🤖 AI Summary
This study investigates whether distinct syntactic agreement relations—such as subject–verb, anaphoric, and determiner–noun agreement—share neural representations in large language models (LLMs). Using a functional localization approach, we systematically identify and causally intervene on the most responsive neural units for 67 English syntactic phenomena across seven open-source LLMs; cross-lingual experiments extend to English, Russian, Chinese, and 57 additional languages. Results demonstrate significant overlap in neural unit activation across agreement types; this shared representation pattern exhibits robust cross-linguistic generalization, and the degree of neural sharing correlates positively with typological structural similarity among languages. The work provides the first direct causal evidence that syntactic knowledge in LLMs is encoded in a distributed, structure-sensitive manner—revealing syntactic agreement as a functional category within the model’s representational space.
📝 Abstract
Large language models (LLMs) can reliably distinguish grammatical from ungrammatical sentences, but how grammatical knowledge is represented within the models remains an open question. We investigate whether different syntactic phenomena recruit shared or distinct components in LLMs. Using a functional localization approach inspired by cognitive neuroscience, we identify the LLM units most responsive to 67 English syntactic phenomena in seven open-weight models. These units are consistently recruited across sentences containing the phenomena and causally support the models'syntactic performance.
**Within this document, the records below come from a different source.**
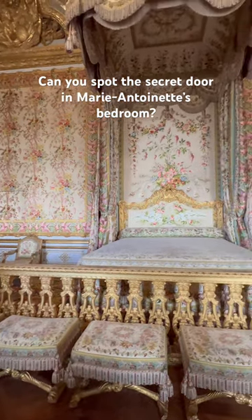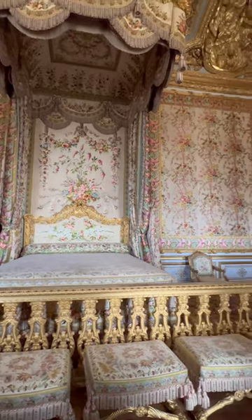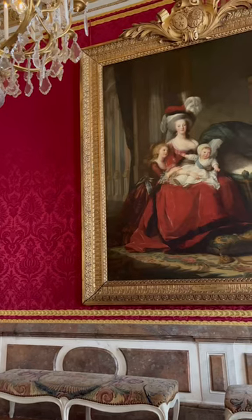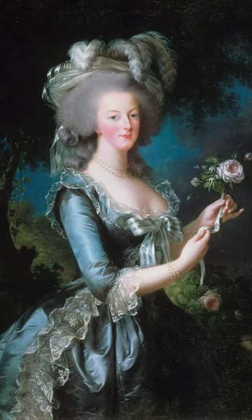Can you spot the secret door in Marie Antoinette's bedroom? This room is the queen's bedchamber located at the Palace of Versailles. It's part of the queen's apartments and has been occupied by a few French queens, but most notably Marie Antoinette in the 18th century.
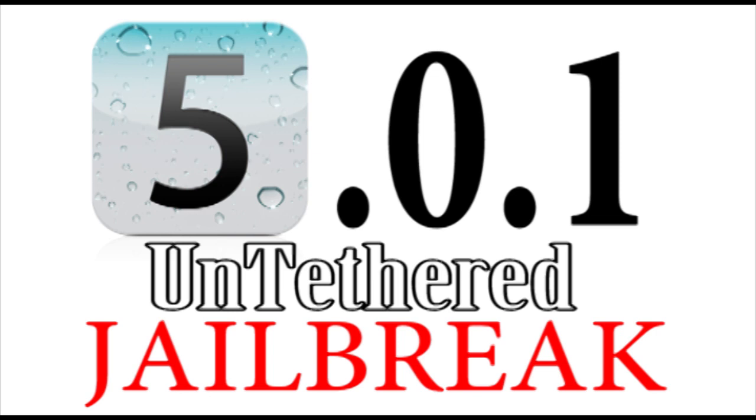He already has shown us iOS 5 running untethered, and now he has just uploaded a video showing the iPhone 4 iOS 5.0.1 untethered. This is great news because it means he's just got to patch up a couple more things and it could be coming out really soon.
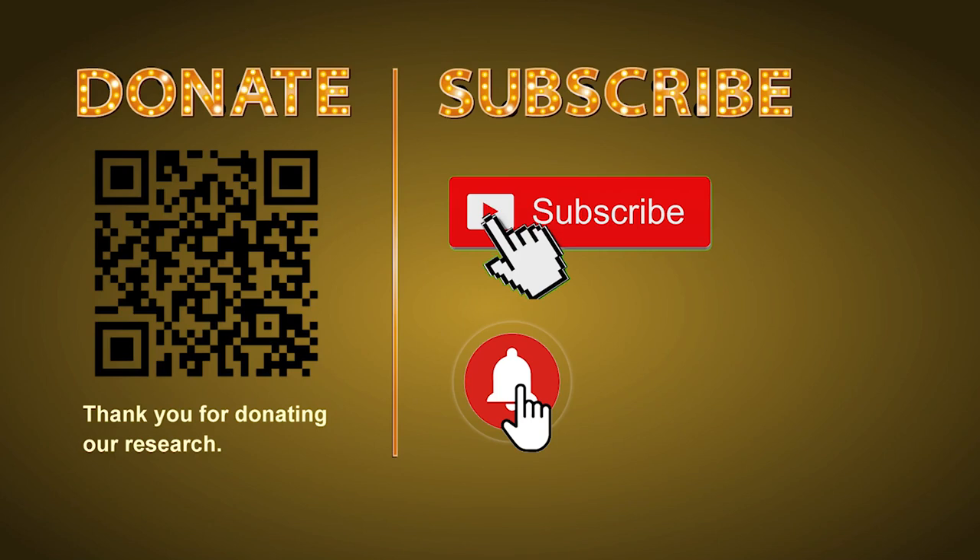Thank you for watching. Please share your numbers and hitting performance in the comments below, and like, share, and subscribe our channel if you like it. Thank you, bye bye.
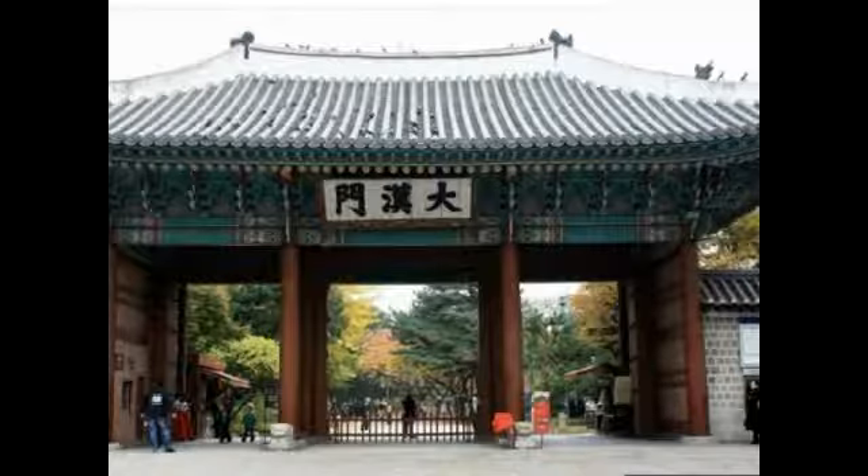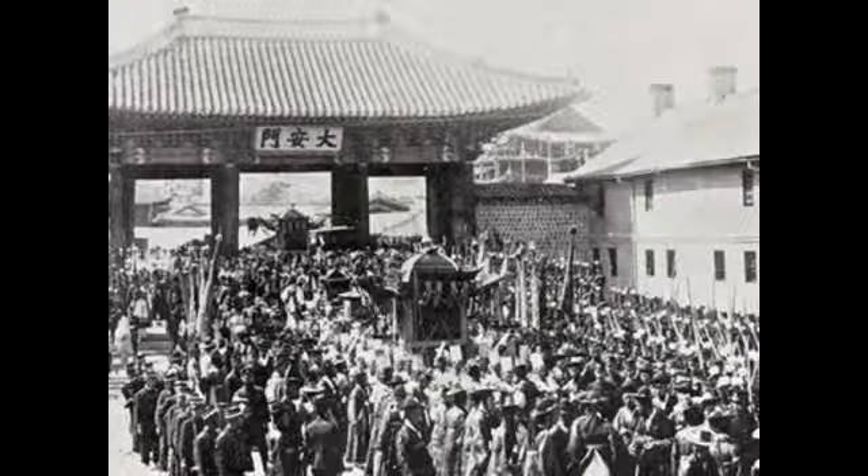I will show you the picture. This is a picture of Emperor Gojong's funeral march passing through this gate. People at the time thought that Emperor Gojong was poisoned to death by the Japanese government, who had invaded Korea and taken away Joseon's diplomatic rights.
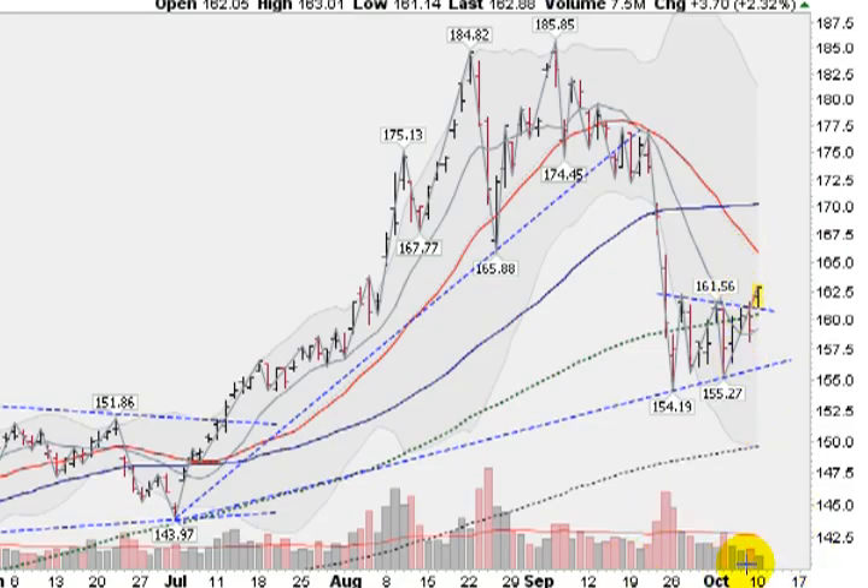I don't like the low volume on the breakout — not a lot of commitment — and I don't like the fact that we are still under this blue solid line, which is the 50-day moving average. I don't like the fact that the 21-day moving average is pointed down, but nonetheless, it is a breakout.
Critically, different types of syntactic agreement (e.g., subject-verb, anaphor, determiner-noun) recruit overlapping sets of units, suggesting that agreement constitutes a meaningful functional category for LLMs. This pattern holds in English, Russian, and Chinese; and further, in a cross-lingual analysis of 57 diverse languages, structurally more similar languages share more units for subject-verb agreement. Taken together, these findings reveal that syntactic agreement-a critical marker of syntactic dependencies-constitutes a meaningful category within LLMs'representational spaces.